**Your objective**:
All that is wanted is the line with "Four fighters and a KC-135 of the USAF" and each line after it to the end of the data below, set down exactly and without pictures.

### Records for the exercise

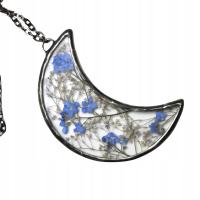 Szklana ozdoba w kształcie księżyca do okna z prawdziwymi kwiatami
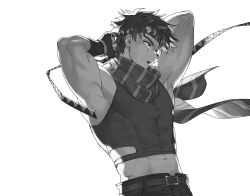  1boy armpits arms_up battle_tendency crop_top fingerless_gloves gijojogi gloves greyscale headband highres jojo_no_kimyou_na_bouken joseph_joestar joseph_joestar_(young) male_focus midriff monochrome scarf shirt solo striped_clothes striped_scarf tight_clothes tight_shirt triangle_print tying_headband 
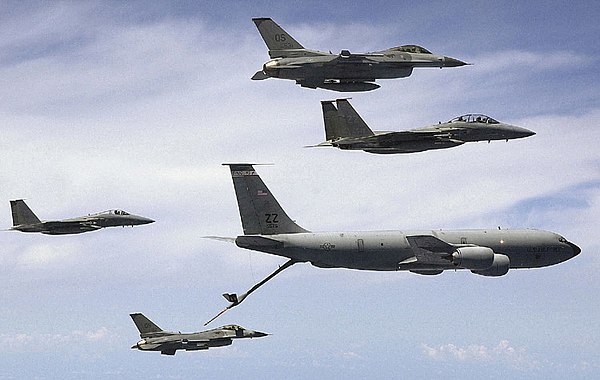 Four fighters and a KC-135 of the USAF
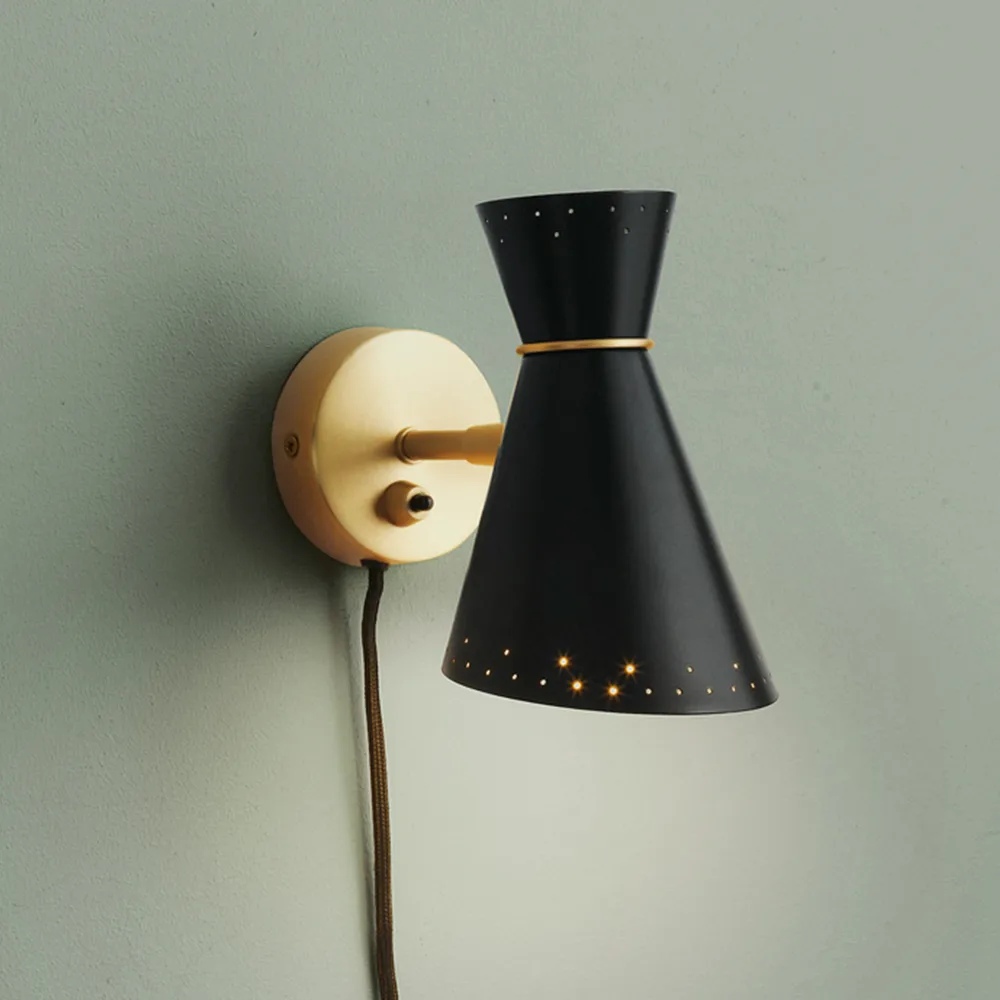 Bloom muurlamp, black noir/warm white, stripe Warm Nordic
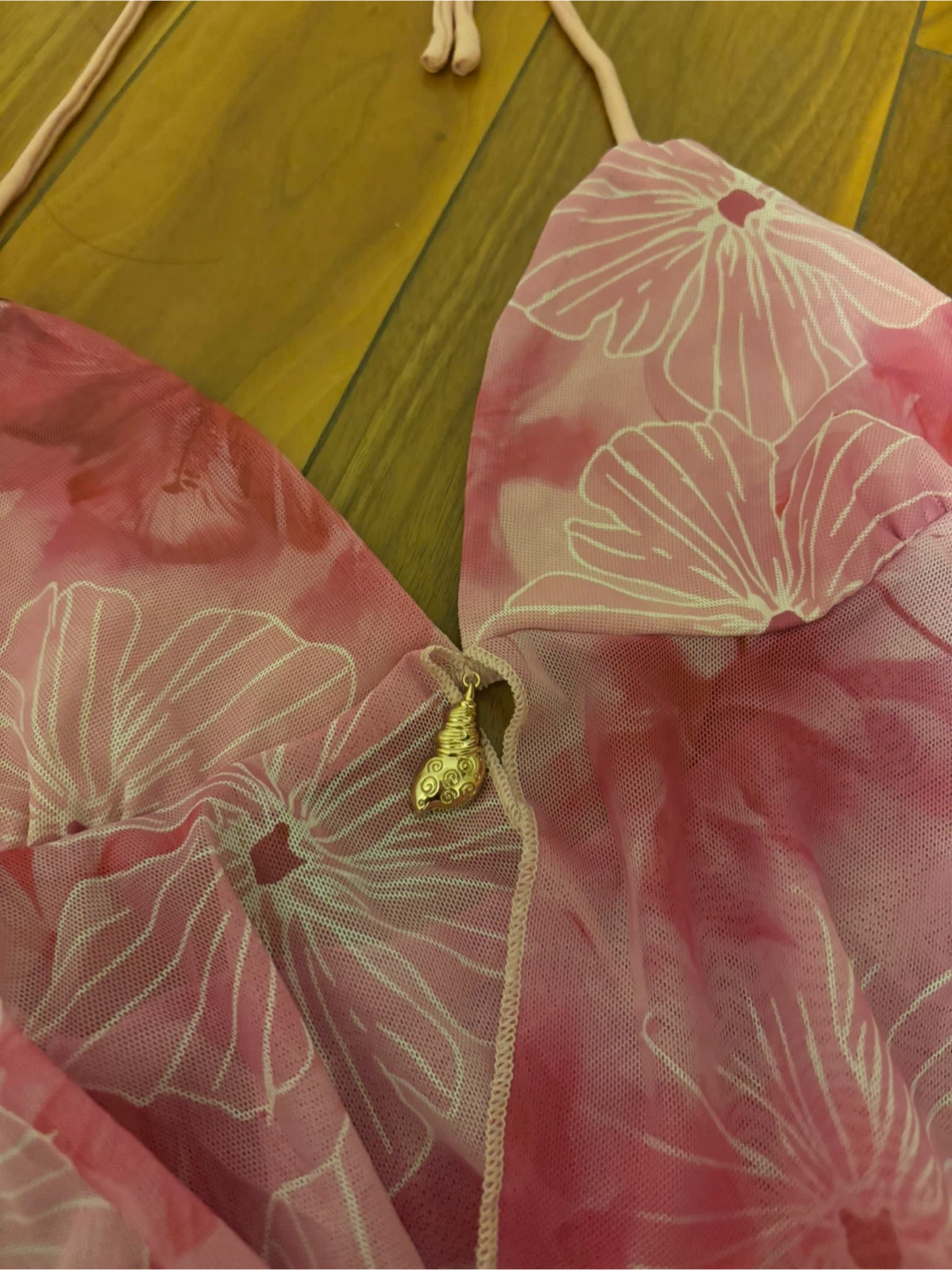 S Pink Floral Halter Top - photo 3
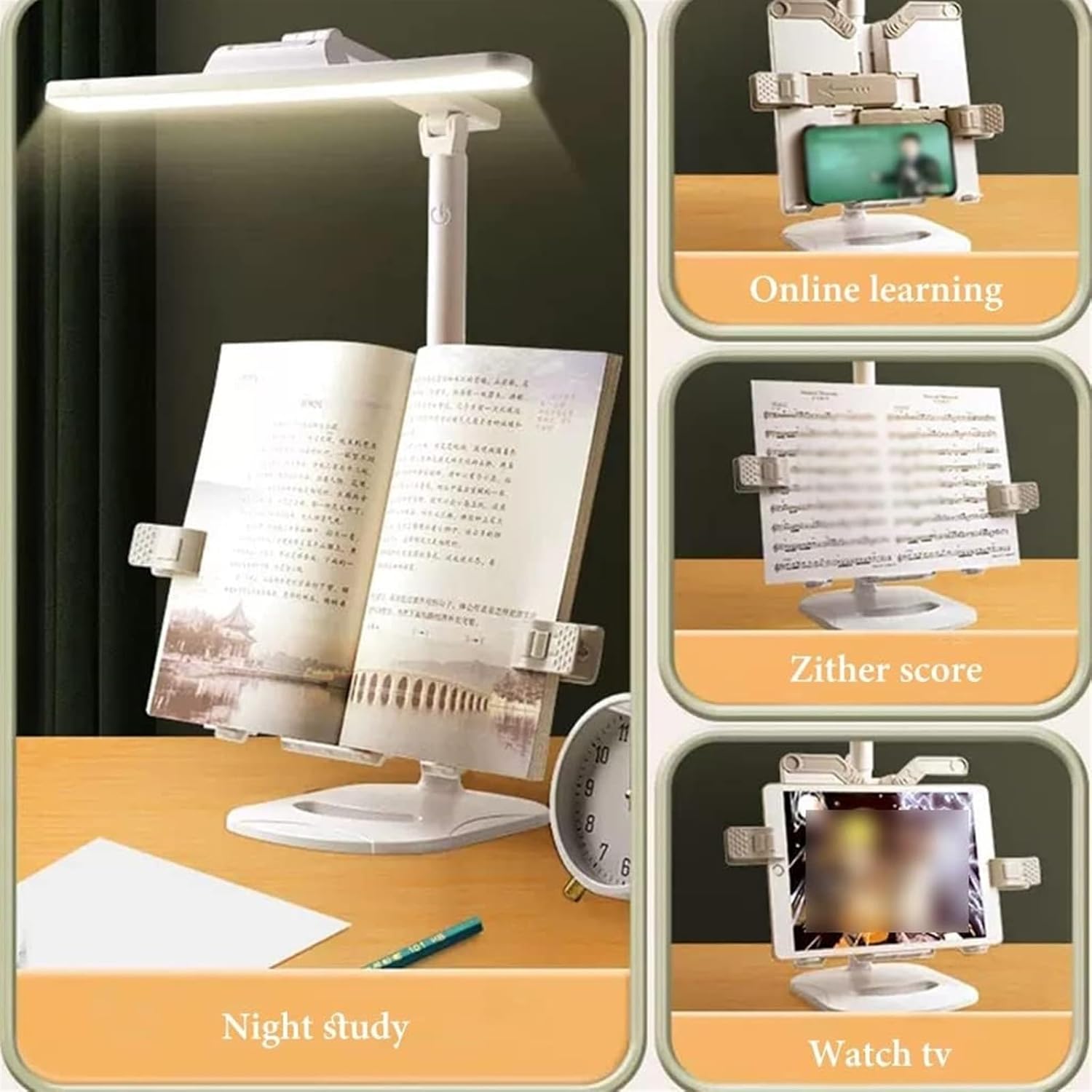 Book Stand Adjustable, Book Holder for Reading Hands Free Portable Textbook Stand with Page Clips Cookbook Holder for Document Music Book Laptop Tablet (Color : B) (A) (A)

######

**Expected output**:
 Four fighters and a KC-135 of the USAF
 Bloom muurlamp, black noir/warm white, stripe Warm Nordic
 S Pink Floral Halter Top - photo 3
 Book Stand Adjustable, Book Holder for Reading Hands Free Portable Textbook Stand with Page Clips Cookbook Holder for Document Music Book Laptop Tablet (Color : B) (A) (A)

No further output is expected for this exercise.